Assignment> Please start at the first line of the records beneath and quote each line exactly, ending with the line containing "HONDA　ジャイロUP　車体　ワイドホイールキット付き　廃車済みの画像".

Input data>
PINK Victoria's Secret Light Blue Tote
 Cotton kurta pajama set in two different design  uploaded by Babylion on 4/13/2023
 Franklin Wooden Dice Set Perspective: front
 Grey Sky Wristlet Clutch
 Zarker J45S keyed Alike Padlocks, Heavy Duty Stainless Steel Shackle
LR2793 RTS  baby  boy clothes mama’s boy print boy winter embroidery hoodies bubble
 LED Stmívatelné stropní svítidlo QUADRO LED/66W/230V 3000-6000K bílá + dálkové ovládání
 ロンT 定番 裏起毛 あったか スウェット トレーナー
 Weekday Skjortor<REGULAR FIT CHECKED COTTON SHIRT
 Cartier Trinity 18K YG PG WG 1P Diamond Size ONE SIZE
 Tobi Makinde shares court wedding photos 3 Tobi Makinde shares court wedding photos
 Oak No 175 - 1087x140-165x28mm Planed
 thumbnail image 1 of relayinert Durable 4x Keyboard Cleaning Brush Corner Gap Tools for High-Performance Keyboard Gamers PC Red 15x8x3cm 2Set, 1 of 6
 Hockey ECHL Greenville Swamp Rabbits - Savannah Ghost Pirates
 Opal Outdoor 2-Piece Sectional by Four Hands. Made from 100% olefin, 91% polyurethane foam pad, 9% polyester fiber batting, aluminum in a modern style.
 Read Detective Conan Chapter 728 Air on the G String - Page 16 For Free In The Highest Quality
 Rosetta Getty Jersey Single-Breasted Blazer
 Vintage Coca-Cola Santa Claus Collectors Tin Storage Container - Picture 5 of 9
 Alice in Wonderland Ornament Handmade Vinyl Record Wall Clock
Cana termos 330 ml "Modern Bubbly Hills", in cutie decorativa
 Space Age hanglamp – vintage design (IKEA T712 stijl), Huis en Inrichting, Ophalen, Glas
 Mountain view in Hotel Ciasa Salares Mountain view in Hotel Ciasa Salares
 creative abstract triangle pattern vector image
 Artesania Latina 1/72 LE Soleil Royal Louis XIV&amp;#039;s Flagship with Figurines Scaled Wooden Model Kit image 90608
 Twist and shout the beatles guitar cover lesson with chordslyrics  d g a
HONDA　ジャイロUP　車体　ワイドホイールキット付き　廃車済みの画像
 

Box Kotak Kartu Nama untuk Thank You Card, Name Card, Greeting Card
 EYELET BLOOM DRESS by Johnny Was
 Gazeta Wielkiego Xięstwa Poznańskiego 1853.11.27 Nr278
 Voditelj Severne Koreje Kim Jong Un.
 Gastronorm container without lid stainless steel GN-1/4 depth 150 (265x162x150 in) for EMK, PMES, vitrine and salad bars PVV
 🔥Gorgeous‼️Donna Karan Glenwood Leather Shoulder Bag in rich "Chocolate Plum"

Answer to the exercise>
PINK Victoria's Secret Light Blue Tote
 Cotton kurta pajama set in two different design  uploaded by Babylion on 4/13/2023
 Franklin Wooden Dice Set Perspective: front
 Grey Sky Wristlet Clutch
 Zarker J45S keyed Alike Padlocks, Heavy Duty Stainless Steel Shackle
LR2793 RTS  baby  boy clothes mama’s boy print boy winter embroidery hoodies bubble
 LED Stmívatelné stropní svítidlo QUADRO LED/66W/230V 3000-6000K bílá + dálkové ovládání
 ロンT 定番 裏起毛 あったか スウェット トレーナー
 Weekday Skjortor<REGULAR FIT CHECKED COTTON SHIRT
 Cartier Trinity 18K YG PG WG 1P Diamond Size ONE SIZE
 Tobi Makinde shares court wedding photos 3 Tobi Makinde shares court wedding photos
 Oak No 175 - 1087x140-165x28mm Planed
 thumbnail image 1 of relayinert Durable 4x Keyboard Cleaning Brush Corner Gap Tools for High-Performance Keyboard Gamers PC Red 15x8x3cm 2Set, 1 of 6
 Hockey ECHL Greenville Swamp Rabbits - Savannah Ghost Pirates
 Opal Outdoor 2-Piece Sectional by Four Hands. Made from 100% olefin, 91% polyurethane foam pad, 9% polyester fiber batting, aluminum in a modern style.
 Read Detective Conan Chapter 728 Air on the G String - Page 16 For Free In The Highest Quality
 Rosetta Getty Jersey Single-Breasted Blazer
 Vintage Coca-Cola Santa Claus Collectors Tin Storage Container - Picture 5 of 9
 Alice in Wonderland Ornament Handmade Vinyl Record Wall Clock
Cana termos 330 ml "Modern Bubbly Hills", in cutie decorativa
 Space Age hanglamp – vintage design (IKEA T712 stijl), Huis en Inrichting, Ophalen, Glas
 Mountain view in Hotel Ciasa Salares Mountain view in Hotel Ciasa Salares
 creative abstract triangle pattern vector image
 Artesania Latina 1/72 LE Soleil Royal Louis XIV&amp;#039;s Flagship with Figurines Scaled Wooden Model Kit image 90608
 Twist and shout the beatles guitar cover lesson with chordslyrics  d g a
HONDA　ジャイロUP　車体　ワイドホイールキット付き　廃車済みの画像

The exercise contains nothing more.